Sekretaris Jenderal United Liberation Movement for West Papua
(ULMWP), Octovianus Mote, yang hadir dalam pertemuan itu atas undangan
pemerintah Vanuatu, membenarkan diangkatnya isu Papua.
Ia bahkan menggarisbawahi sikap Papua Nugini, yang turut
mendukung langkah Vanuatu. "Bahkan Papua Nugini yang secara politik
mengakui Papua adalah bagian integral Indonesia juga mengatakan pelanggaran HAM
di Papua tidak bisa dibiarkan terus-menerus, karena sudah berlangsung sekian
lama," ungkap Mote, kepada Tabloid Jubi.
Walau tak terungkap dalam komunike, Mote mengatakan semua
perwakilan ACP setuju pelanggaran HAM di Papua dapat mengarah pada pemusnahan
etnis Papua jika terus dibiarkan.
Octovianus Mote hadir di Pertemuan ke-14 Majelis Gabungan
Parlemen ACP-EU mewakili ULMWP atas undangan resmi pemerintahan Vanuatu sebagai
tuan rumah. Namun ia tidak memiliki hak bicara. Meskipun demikian, ia mendapat
kesempatan membeberkan fakta dan informasi dasar tentang pelanggaran HAM di Papua.
Sejauh ini belum ada tanggapan dari pemerintah Indonesia atas
hal ini.
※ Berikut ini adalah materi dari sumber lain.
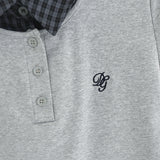 Check collar layered polo shirt 231330477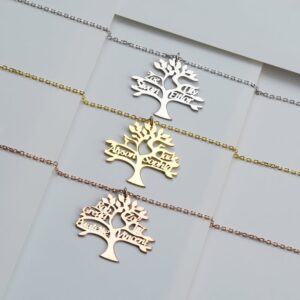 Collier arbre de vie personnalisé multi-prénoms 15 Collier arbre de vie personnalisé multi-prénoms 15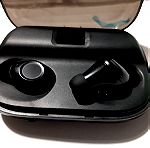  Usams US-YJ001 In-ear Bluetooth Handsfree Ακουστικά με Αντοχή στον Ιδρώτα και Θήκη Φόρτισης Μαύρα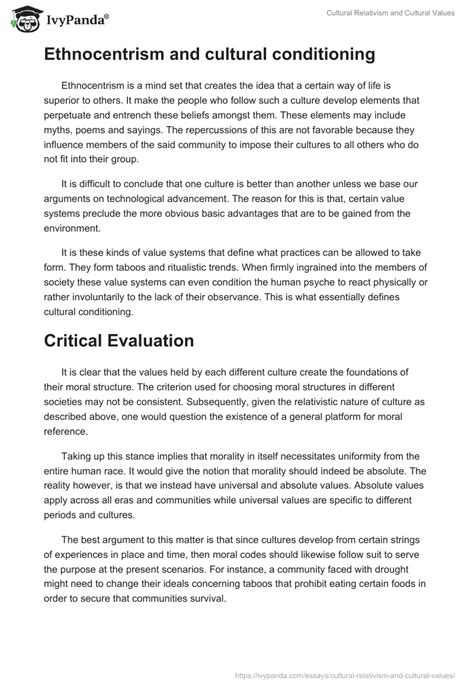 Cultural Relativism And Cultural Values 594 Words Essay Example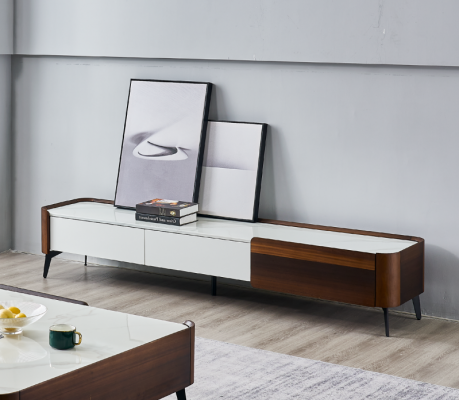 TV-Ständer RTV Lowboard Wäiss Dësch Holz Modern Wunnzëmmer Sideboard
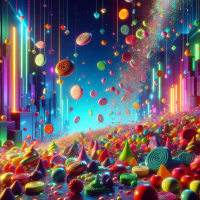 Raining candy background very colorful with neon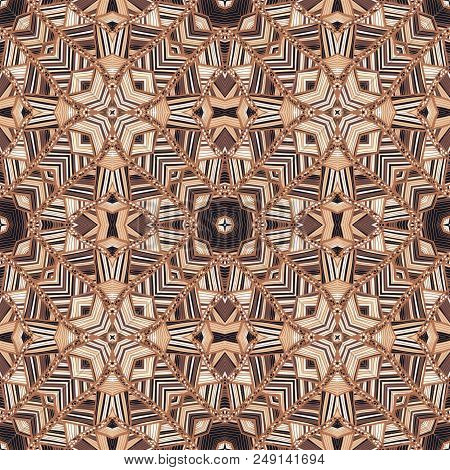 Vector Seamless Ethnic Pattern With Axial Symmetry. Can Be Used For Fabric, Textile, Packaging Paper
Kebenaran apakah komunike ini akan membawa dampak yang lebih
signifikan pada pertemuan ACP-EU mendatang masih perlu dicermati lebih jauh.
Sebab, klaim serupa sudah pernah dilontarkan awal Mei lalu tetapi dibantah oleh
pemerintah RI. Ketika itu tujuh negara Pasifik, yaitu Vanuatu, Solomon Islands,
Tonga, Tuvalu, Nauru, Papau dan Marshall Islands mengklaim lewat sebuah
pernyataan bersama bahwa Dewan menteri negara-negara ACP yang beranggotakan 97
negara mengungkapkan keprihatinan atas pelanggaran HAM di Papua. Dalam
pertemuan di Brussels, Johnny Koanapo, delegasi dari Vanuatu, mengklaim bahwa
platform penentuan nasib sendiri disetujui oleh ACP dan akan dibahas pada
pertemuan November.
Pemerintah Indonesia langsung mengeluarkan bantahan terkait
adanya kesepakatan ACP untuk memberi dukungan terhadap penentuan nasib sendiri
Papua. Kedutaan Besar RI di Selandia Baru juga membantah pernyataan yang
mengatakan pertemuan konsultasi kementerian ACP di Brussels mendiskusikan
dukungan terhadap penentuan nasib sendiri Papua.Indonesia bahkan mengatakan ACP
menyepakati untuk tidak akan membahas isu Papua di pertemuan selanjutnya.